Erro da Nike com o Brasa foi um gol contra anunciado, diz especialista em comunicação intencional

Cristian Magalhães diz que empresa tentou fabricar posicionamento ignorando a cultura do torcedor

Em um movimento que já entra para a história como um dos maiores exemplos de ruído de comunicação no esporte brasileiro, a Nike lançou o novo uniforme da Seleção para a Copa do Mundo de 2026 com a expressão “Vai, Brasa” bordada na parte interna da gola e nos meiões. A rejeição foi imediata e unânime e colocou a Nike no centro da polêmica. Para o especialista em comunicação intencional Cristian Magalhães, há uma estratégia por trás disso que, ironicamente, expõe o vício mais perigoso do marketing contemporâneo, a tentativa de fabricar identidade sem ouvir quem realmente constrói a história. “Grandes marcas, às vezes, usam a mídia negativa para aparecer”, analisa Magalhães. “O choque gera burburinho, gera memória. Mas existe uma linha tênue entre provocar para ser lembrado e cometer um gol contra sem goleiro. E a Nike, nesse caso, não só passou da linha como entrou em campo com a camisa do adversário”, diz

A polêmica engrossou ainda mais quando a designer da Nike, Rachel Denti, explicou em vídeo a inspiração, afirmando que torcedores costumam usar a frase durante jogos, o que azedou de vez a situação da marca. O problema, segundo Cristian, é que essa “facilidade” existe apenas dentro da bolha de criação da agência. “Ninguém chama a seleção de Brasa, nem quando está jogando, nem em lugar nenhum. A reação foi unânime porque ficou óbvio que aquilo não nasceu do brasileiro.”
Ele compara o erro da Nike com um fenômeno que observa diariamente em seu trabalho de consultoria com profissionais liberais. “Isso não acontece só no futebol. Acontece todo dia com o profissional que tem 15, 20 anos de carreira, uma reputação construída e decide reposicionar a marca. De repente, o cara está lá no Instagram, publicando conteúdos aleatórios, usando um tom que não é dele. É o mesmo erro da Nike. Alguém de fora olhou para o Brasil e decidiu que o Brasil deveria ser desse jeito, sem perguntar para quem vive isso todo dia.”

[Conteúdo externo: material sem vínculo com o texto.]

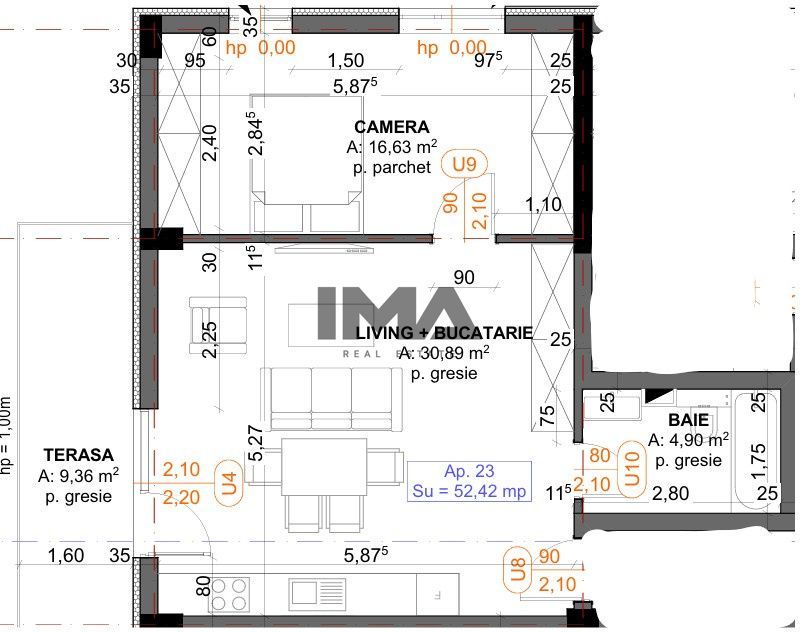 Apartament 2 camere finisat ,cartier iris - Poză 4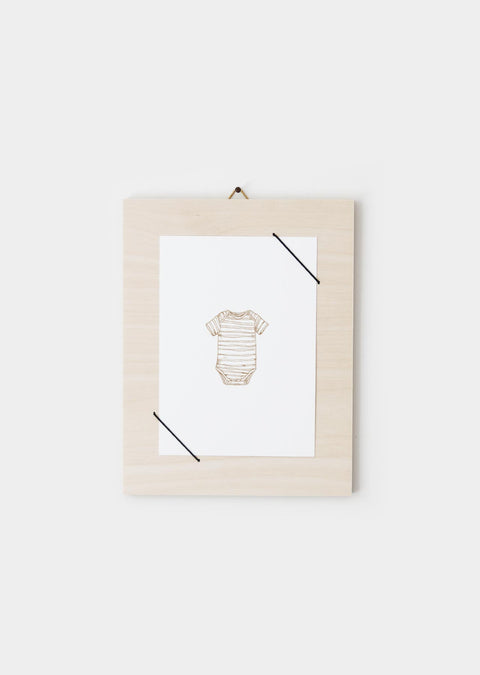 Postkarte ROMPER STRIPES NATURAL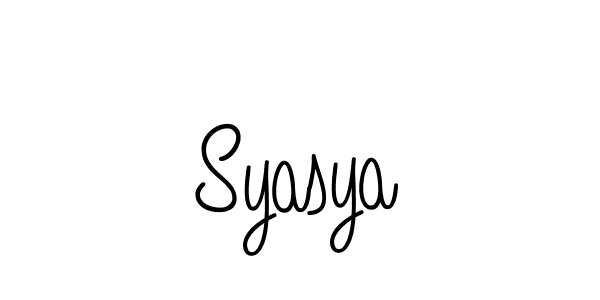 How to make Syasya signature? Angelique-Rose-font-FFP is a professional autograph style. Create handwritten signature for Syasya name. Syasya signature style 5 images and pictures png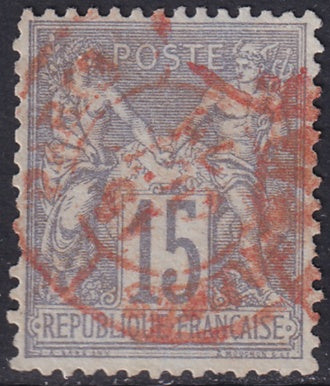 France 1876 Sc 69 used red newspaper cancel type I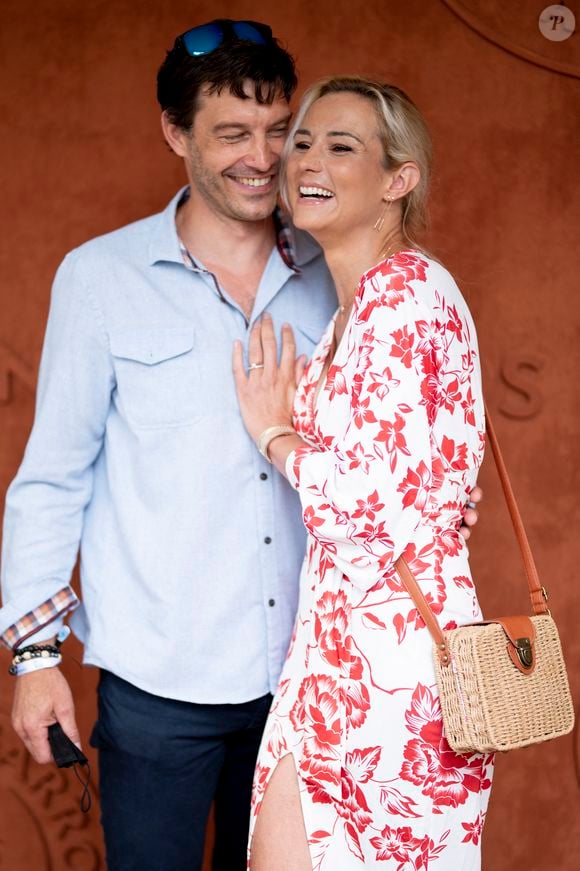 Elodie Gossuin et son mari Bertrand Lacherie au village lors des internationaux de France à Roland Garros le 12 juin 2021.

© JB Autissier / Panoramic / Bestimage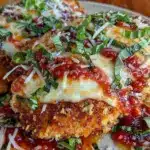 crispy oven baked chicken parmesan - featured image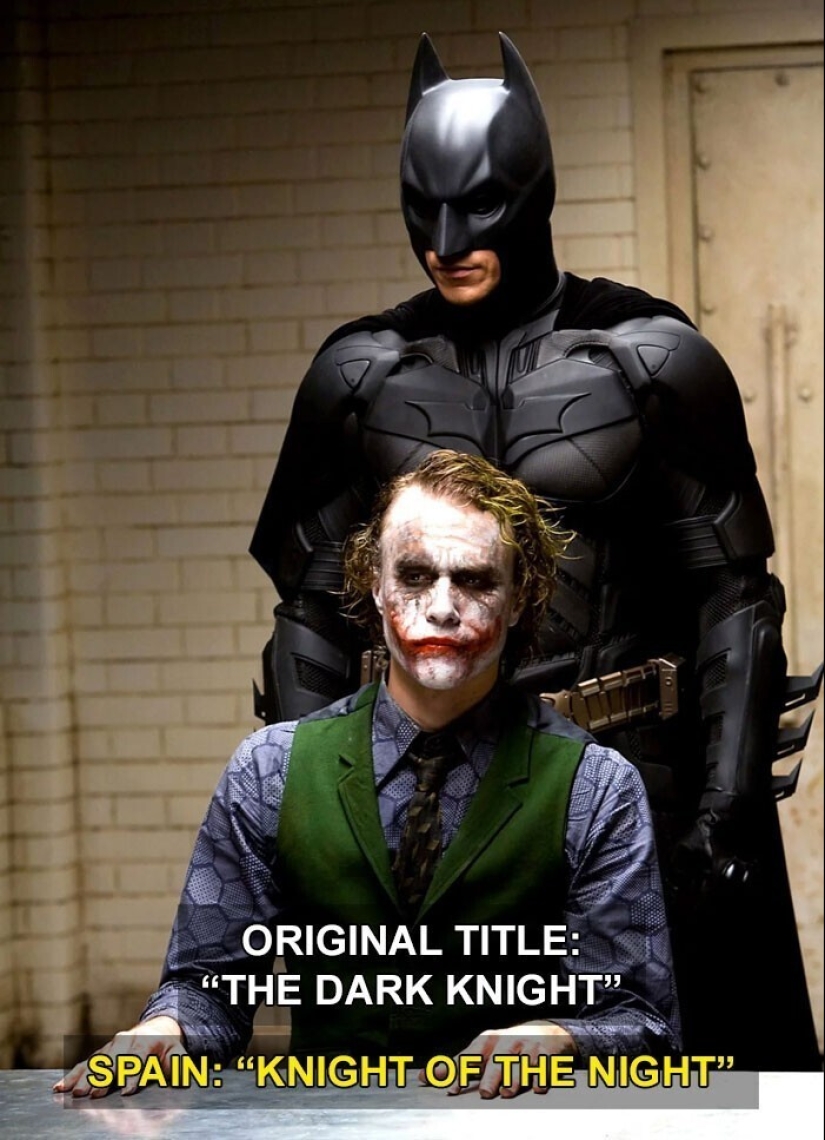 30 unexpected translations of movie titles: experiences from different countries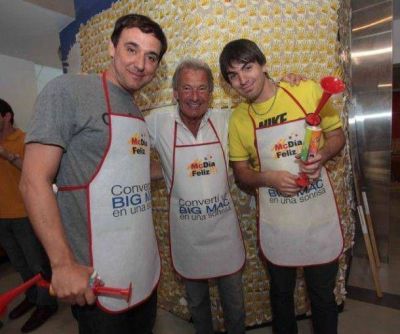 Solidaridad de funcionarios y periodistas en el McD�a Feliz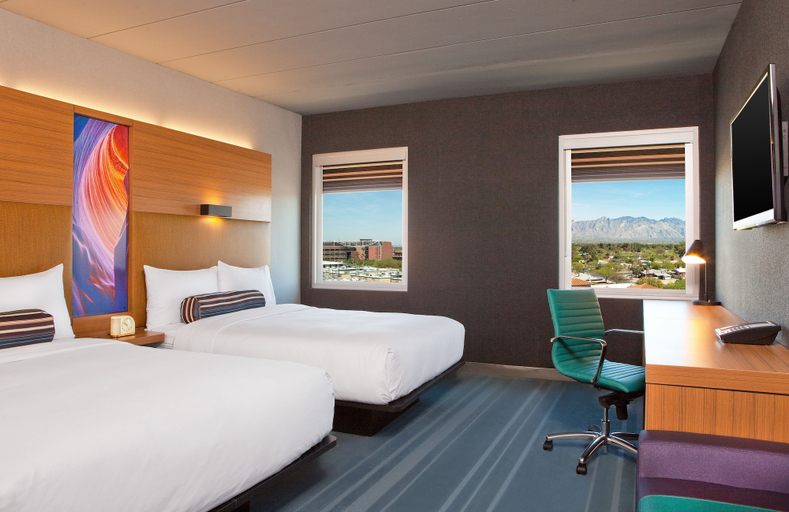 Bedroom 4, Aloft by Marriott Tucson University, Pima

A fala de Cristian reflete o sentimento de grande parte dos torcedores que foram às redes sociais criticar a iniciativa. O barulho foi tão grande que a CBF precisou intervir. O presidente da entidade, Samir Xaud, foi a público e afirmou que o uniforme seria modificado e não teria mais a frase usada pela empresa. A Nike teve que recuar e retirar a inscrição das próximas levas de produção. Na visão de Cristian Magalhães, a reviravolta serve de lição para qualquer profissional ou marca que tenta construir uma imagem sem alicerce. “No fim, a tentativa da Nike de torcer a linguagem da torcida acabou virando um exemplo didático de como o marketing não pode sobrepor a cultura. O Brasa apagou, e o que ficou foi a lição sem intencionalidade, até o maior patrocinador do futebol brasileiro pode levar um cartão amarelo do próprio torcedor”, conclui.